How to complete this task
Return each line of the data below exactly, omitting any pictures.

Provided entries
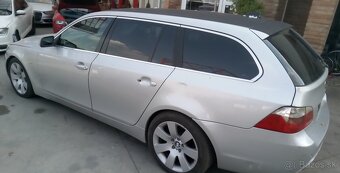 BMW E61 530D kombi 3,0D 160kw kód motora: 306D2 - 10
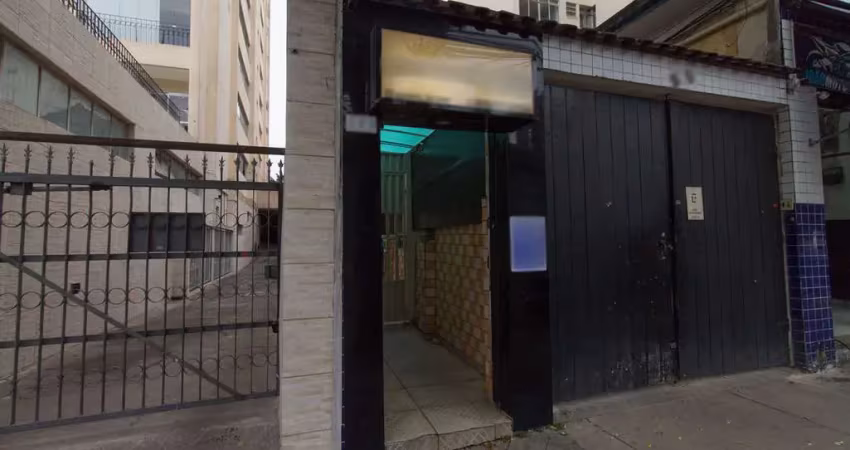 Casa comercial na rua padre raposo, n. 563 • 600 m²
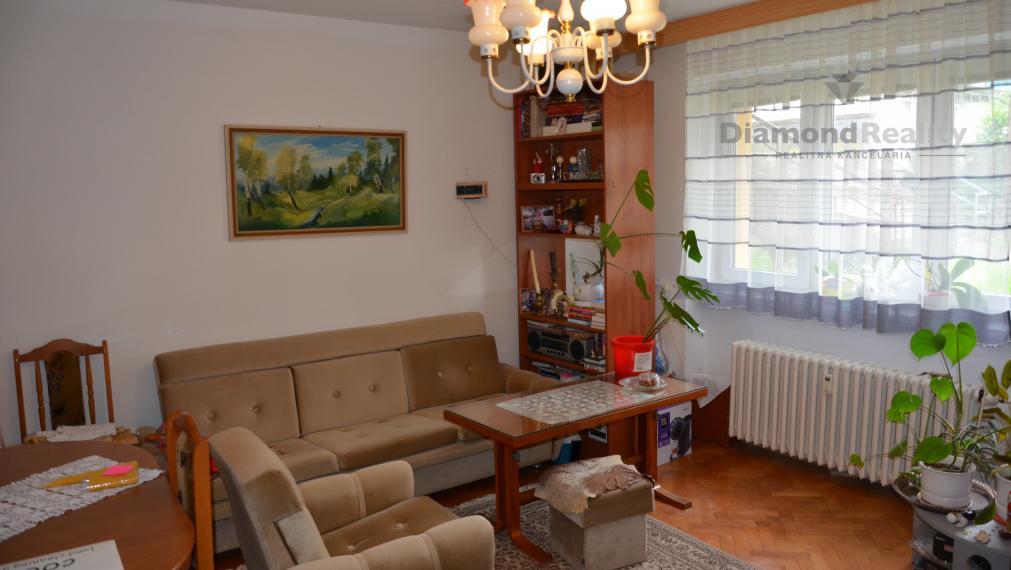 Predaj 2-izbového tehlového bytu v blízkom centre Prešova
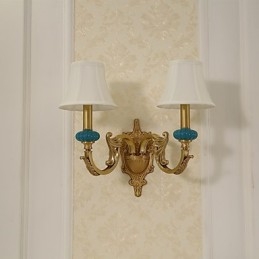 Yksinkertainen maalaisperinteinen klassinen messinkiominaisuus minityylisille uplight-seinävalaisimille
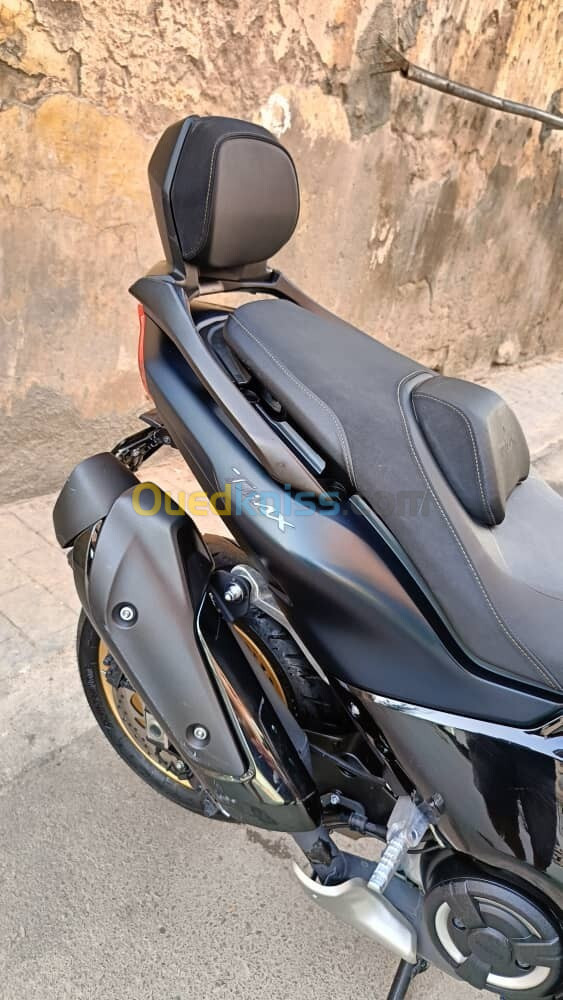 Yamaha T max 2022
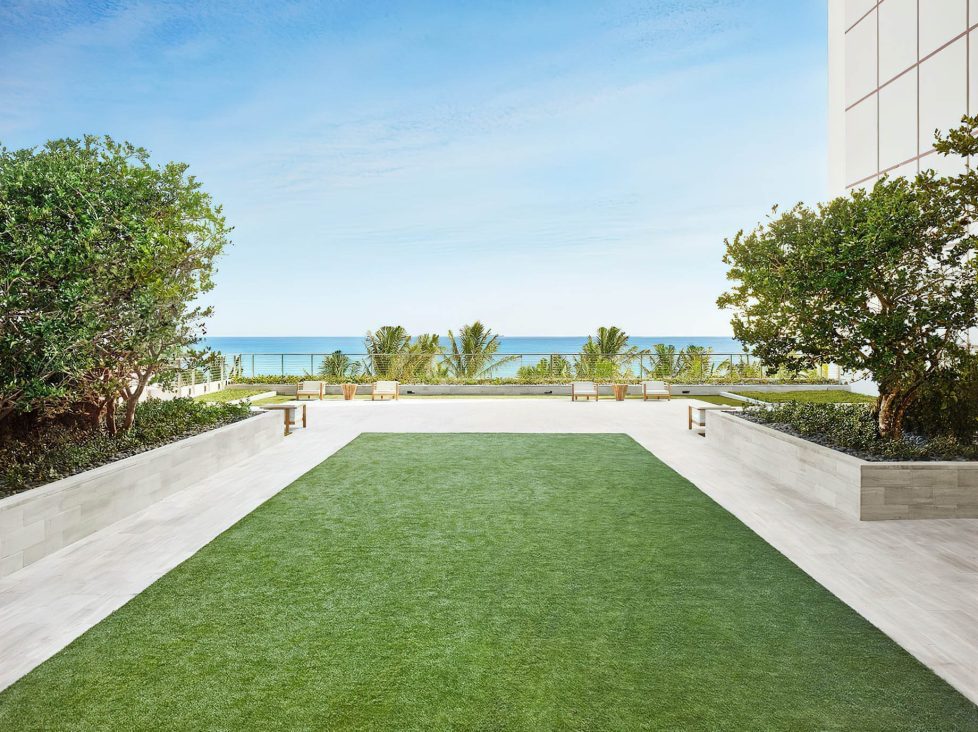 The Miami Beach EDITION Hotel - Miami Beach, FL, USA - La Vista Terrace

Answer to this task
 BMW E61 530D kombi 3,0D 160kw kód motora: 306D2 - 10
 Casa comercial na rua padre raposo, n. 563 • 600 m²
 Predaj 2-izbového tehlového bytu v blízkom centre Prešova
 Yksinkertainen maalaisperinteinen klassinen messinkiominaisuus minityylisille uplight-seinävalaisimille
 Yamaha T max 2022
 The Miami Beach EDITION Hotel - Miami Beach, FL, USA - La Vista Terrace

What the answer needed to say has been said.